- Relator(a)
- Ministra Regina Helena Costa
- Órgão julgador
- Primeira Turma
- Data do julgamento
- 05/05/2025
- Data de publicação
- 09/05/2025
STJ – Acórdão, Rel. Ministra Regina Helena Costa, Primeira Turma, j. 05/05/2025, p. 09/05/2025
PROCESSUAL CIVIL. EXECUÇÃO FISCAL. AGRAVO INTERNO NO RECURSO ESPECIAL. EXTINÇÃO DA EXECUÇÃO APÓS APRESENTAÇÃO DE DEFESA DO EXECUTADO. HONORÁRIOS ADVOCATÍCIOS SUCUMBENCIAIS. FIXAÇÃO. CRITÉRIO DA EQUIDADE. LEGITIMIDADE. APLICAÇÃO DE MULTA. ART. 1.021, § 4º, DO CÓDIGO DE PROCESSO CIVIL DE 2015. DESCABIMENTO. I - Nos casos em que o acolhimento da pretensão não tenha correlação com o valor da causa ou não se observe proveito econômico com a extinção da execução, os honorários de sucumbência devem ser arbitrados por apreciação equitativa.
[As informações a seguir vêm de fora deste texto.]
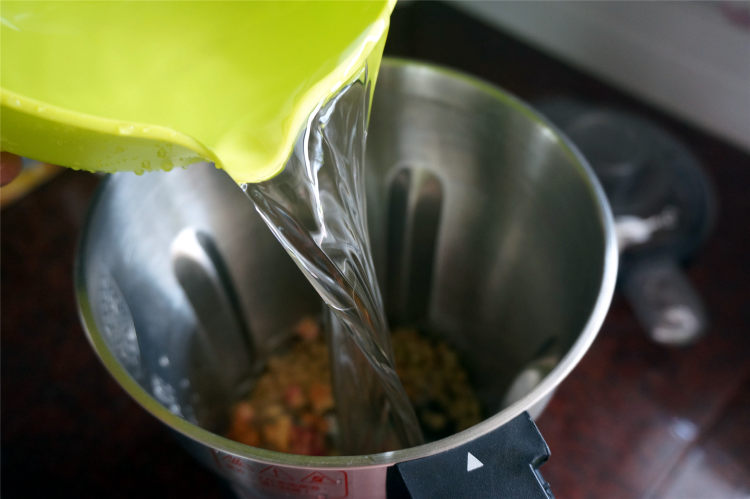 玫瑰茉莉豆浆步骤3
Precedentes. II - Os honorários advocatícios decorrentes de extinção de execução fiscal fundada no cancelamento administrativo da CDA (art. 26 da LEF) informado depois de apresentada defesa pelo executado devem ser estabelecidos pelo critério da equidade. Precedentes. III - Em regra, descabe a imposição da multa prevista no art. 1.021, § 4º, do Código de Processo Civil de 2015 em razão do mero desprovimento do Agravo Interno em votação unânime, sendo necessária a configuração da manifesta inadmissibilidade ou improcedência do recurso a autorizar sua aplicação, o que não ocorreu no caso. IV - Agravo Interno improvido. (AgInt no REsp n. 2.194.283/SP, relatora Ministra Regina Helena Costa, Primeira Turma, julgado em 5/5/2025, DJEN de 9/5/2025.)